+++ Dataset records +++

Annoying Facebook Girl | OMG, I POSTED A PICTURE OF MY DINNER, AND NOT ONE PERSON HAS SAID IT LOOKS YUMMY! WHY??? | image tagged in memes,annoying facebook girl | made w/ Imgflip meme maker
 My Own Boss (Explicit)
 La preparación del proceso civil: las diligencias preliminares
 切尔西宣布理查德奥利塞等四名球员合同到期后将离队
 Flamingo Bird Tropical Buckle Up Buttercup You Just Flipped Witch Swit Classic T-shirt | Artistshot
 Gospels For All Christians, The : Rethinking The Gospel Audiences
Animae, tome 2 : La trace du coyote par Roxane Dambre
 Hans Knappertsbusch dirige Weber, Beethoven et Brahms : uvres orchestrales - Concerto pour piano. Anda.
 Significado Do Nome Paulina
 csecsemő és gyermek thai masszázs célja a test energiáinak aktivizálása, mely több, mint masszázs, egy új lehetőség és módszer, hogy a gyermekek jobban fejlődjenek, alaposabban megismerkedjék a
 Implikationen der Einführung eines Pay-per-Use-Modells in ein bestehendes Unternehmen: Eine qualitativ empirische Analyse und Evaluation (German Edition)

+++

Brief: Write the material out again word for word.

Result:
Annoying Facebook Girl | OMG, I POSTED A PICTURE OF MY DINNER, AND NOT ONE PERSON HAS SAID IT LOOKS YUMMY! WHY??? | image tagged in memes,annoying facebook girl | made w/ Imgflip meme maker
 My Own Boss (Explicit)
 La preparación del proceso civil: las diligencias preliminares
 切尔西宣布理查德奥利塞等四名球员合同到期后将离队
 Flamingo Bird Tropical Buckle Up Buttercup You Just Flipped Witch Swit Classic T-shirt | Artistshot
 Gospels For All Christians, The : Rethinking The Gospel Audiences
Animae, tome 2 : La trace du coyote par Roxane Dambre
 Hans Knappertsbusch dirige Weber, Beethoven et Brahms : uvres orchestrales - Concerto pour piano. Anda.
 Significado Do Nome Paulina
 csecsemő és gyermek thai masszázs célja a test energiáinak aktivizálása, mely több, mint masszázs, egy új lehetőség és módszer, hogy a gyermekek jobban fejlődjenek, alaposabban megismerkedjék a
 Implikationen der Einführung eines Pay-per-Use-Modells in ein bestehendes Unternehmen: Eine qualitativ empirische Analyse und Evaluation (German Edition)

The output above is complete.